At the end of that verse, that’s him, in the conversation, him telling me that you have to accept this lifestyle, because all of that will come, and it’s up to you how far you’re gonna go with it, or how much you’re gonna let in. Me acknowledging that, when I say, “Then I died,” it leaves it hanging on the audience trying to figure out where would I go with it? Will I let it taint me or destroy me? Or will I know how to deal with it?

Going back to your older stuff even a few years back, you’ve talked about grappling with vanity. Have those issues been magnified with recent success?

Definitely. Me getting the notoriety that I’m getting right now, I’m seeing a lot of ills, I’m seeing a lot of positives. It’s just me balancing it out now. That concept wasn’t far-fetched to where I’m actually at, as far as me dealing with the success that’s happening right now. So it was easy for me to write.

To kick off the verse, you talk about being a “suicidal terrorist.” Why?

It’s me being in denial. When I say buried alive, that means I might kill myself over everything that’s happening. The women, the money. That’s a metaphor for me basically saying, drowning yourself in that, and not being able to come back. “Lookin’ in the mirror I’m embarrassed.” I’m embarrassed with what’s going on, and I’m in denial of it. And saying I’m a suicidal terrorist, I might kill myself over it.

So it’s really that same thread that starts and ends the verse.


What kind of feedback have you gotten?

The feedback has been crazy! I understand the album wasn’t out, but it felt like the album dropped the same day as the leak. Nothing [less] than great, as far as the responses. People saying it’s one of my best verses—I don’t know if they just saying that because it’s on the Drake album [laughs]. Either way, they love it, and they understand if, because , if they follow my music before, I always talk about subject matter like that. And for the people that are just now catching on, it makes sense to them, too, because I break it all down. Meeting a person that’s the same age as you, and that moment of him pulling up in a Maybach and 40 pulling up with no doors. At that moment, you want that. You go back to this mind state where materialistic things is something that you want in your life. The moment I seen that, and how young he was, put me back in that space, no matter how much you try to fight it.

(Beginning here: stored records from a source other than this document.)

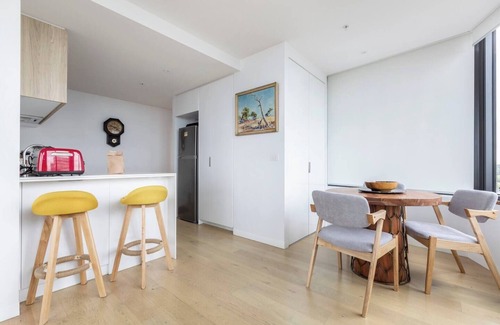 St Kilda Apartment | Bright and Stylish with Bay Views Pool and Sauna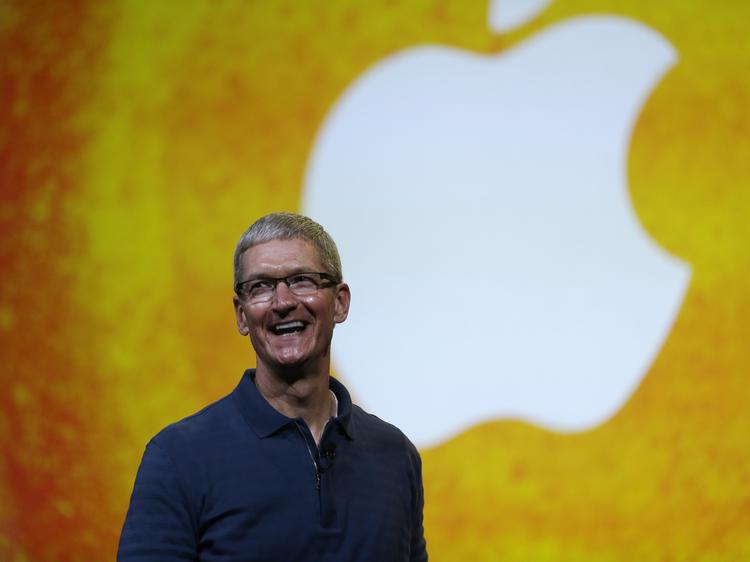 Dollargrin. Apples direktør har rigeligt at grine over. Nu har virksomheden rundet endnu en milepæl med en markedsværdi på ufattelige $700.000.000.000. 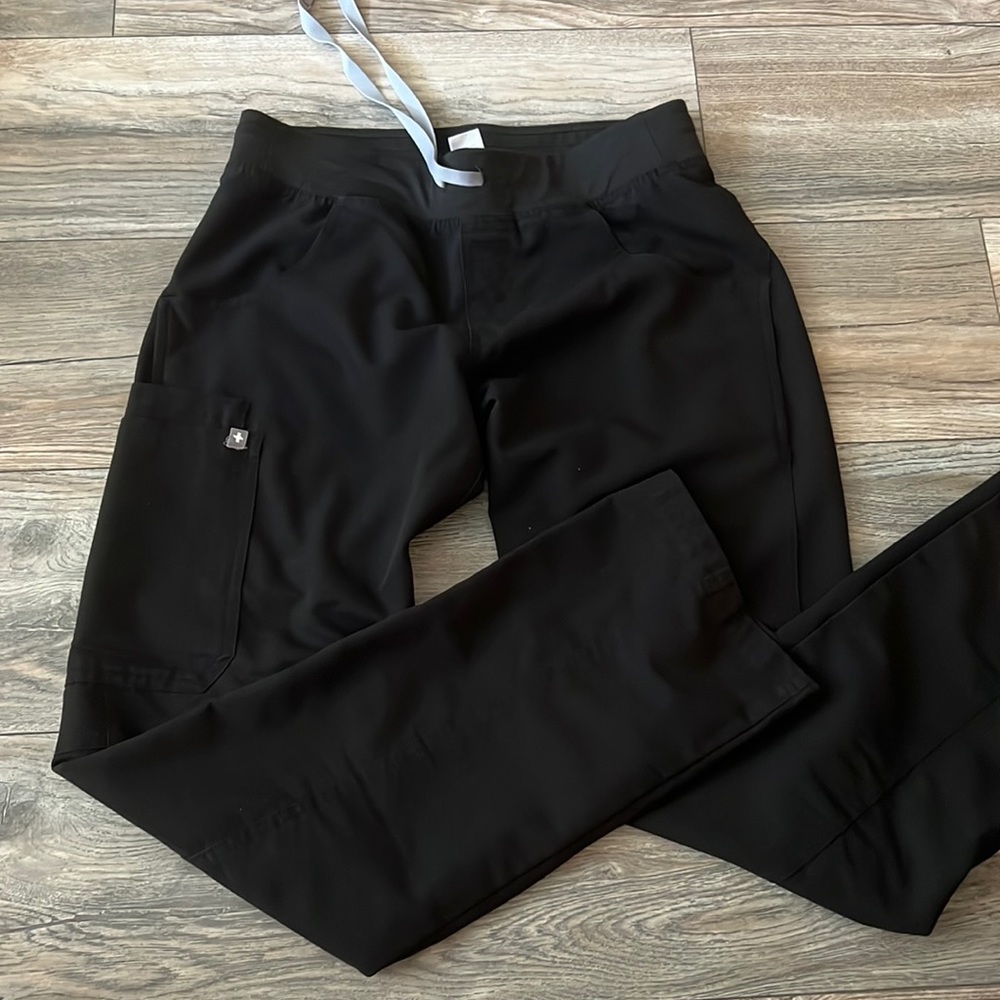 Black Figs Scrub Pants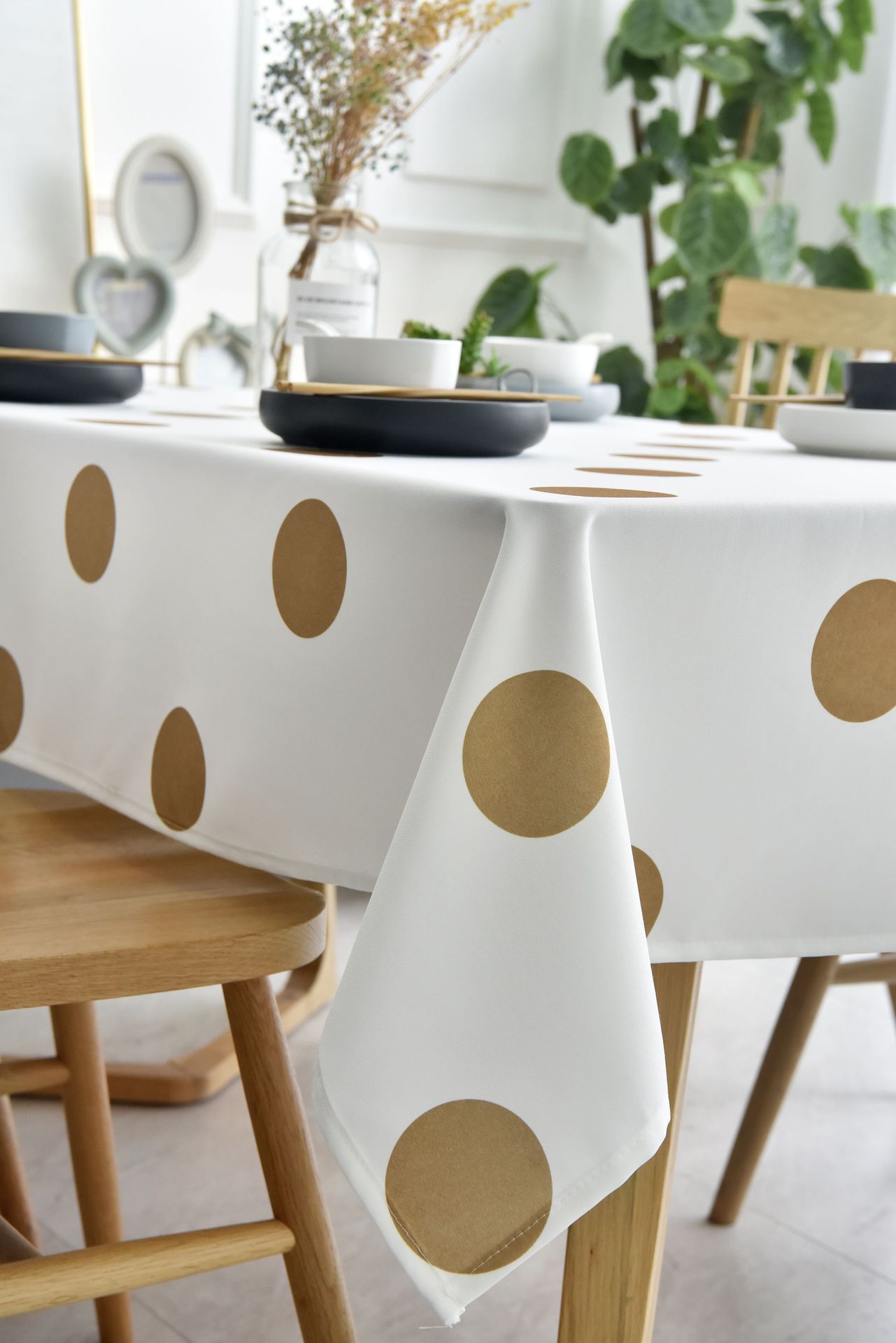 网红防水大圆点桌布tpu一件代发免洗防油防烫防水台布家用北欧风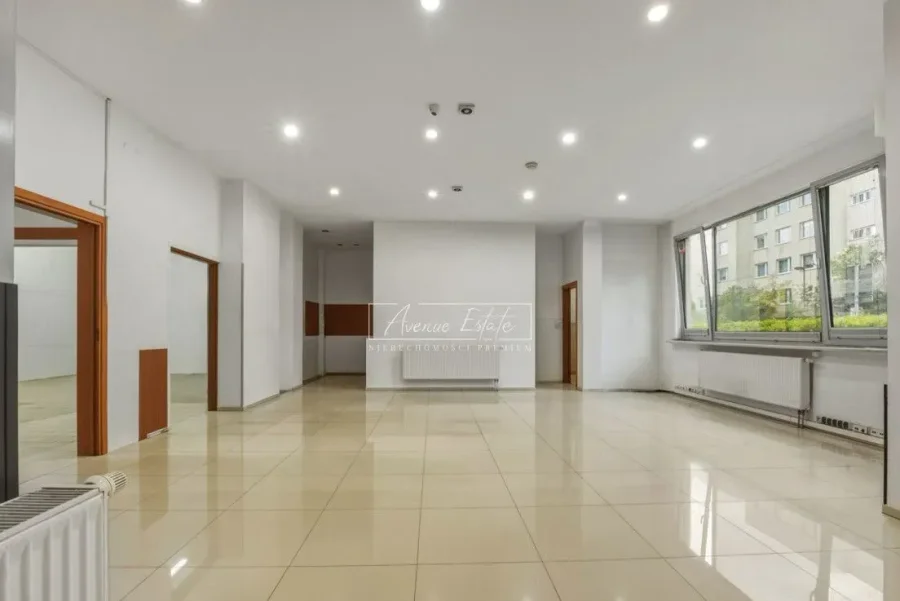 Lokal gastronomiczny 213 m² na wynajem, Wilanów ul. Marconich, witryny - zdjęcie 1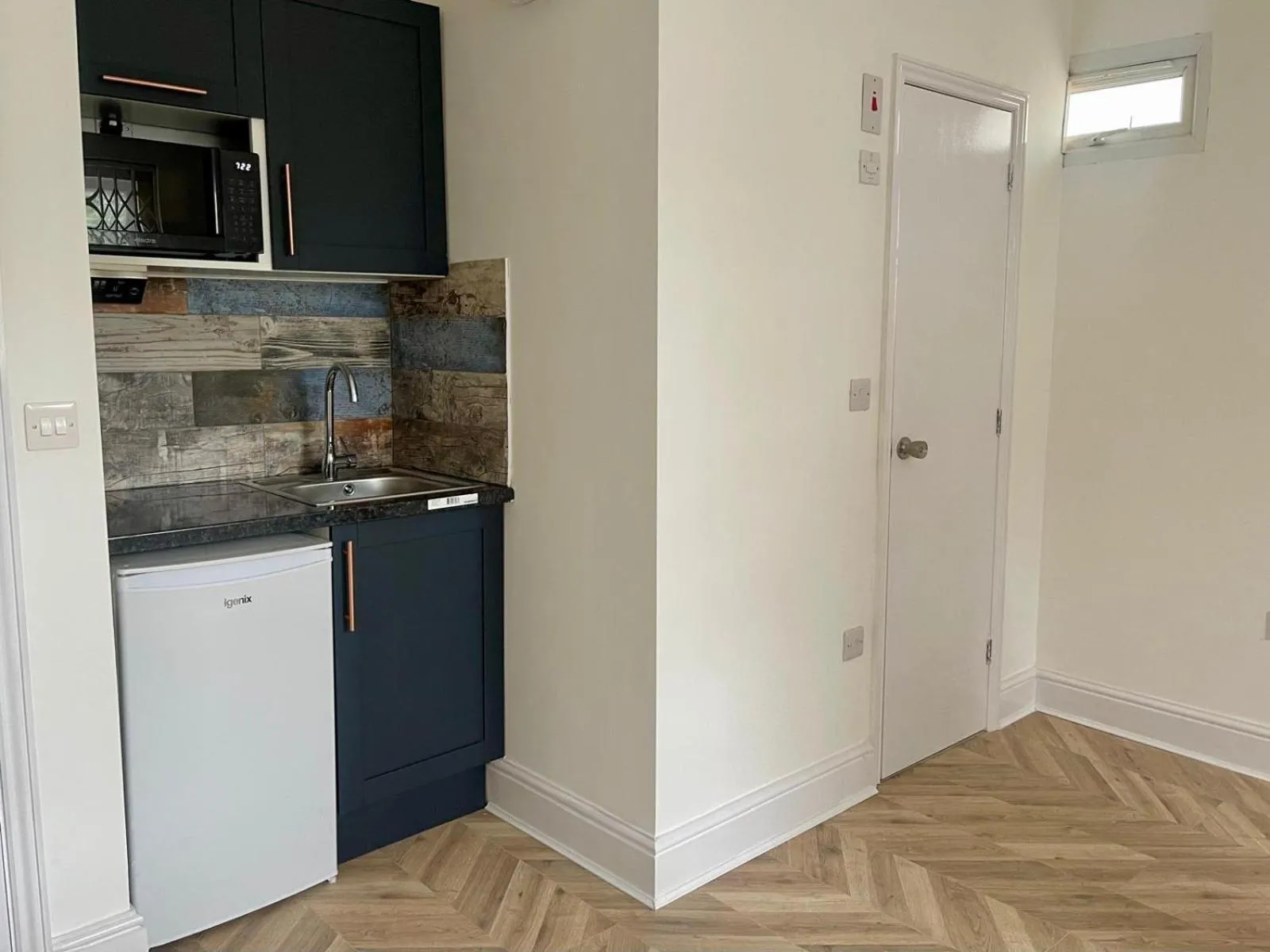 Kitchen or kitchenette in Dalston Luxe Studios, 10 minutes away from Liverpool Train Station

Was that a feeling that surprised you?

Yeah, it did. It’s crazy. At the end of the day, we all human. And that’s what people—I think that’s why they fuck with me the most. Because I’ve put that in my music, that I’m just a human being like everyone else, trying to figure [things] out. Even with Drake. He told me, Thank you. But he also said, the description I painted was something we haven’t heard in our generation in a while. I thought that was a dope compliment.

Is this a good introduction to Kendrick Lamar?

It’s definitely showing one side of things, of who I am. I feel there’s lot more they can hear. It’s also dope, because I don’t think my name is actually on the back of the cover. It’s a mystique. Who the fuck is this person on the back of “Marvin’s Room?” Which is everyone’s favorite song, as far as the females I know, and even some niggas. And I think that’s dope, because once they like it, they gonna go search for it and figure out who’s on there, and that’s when the buzz will continue to grow. One thing I’ve learned is that when something is really good, and people fuck with it, they gonna find you, regardless.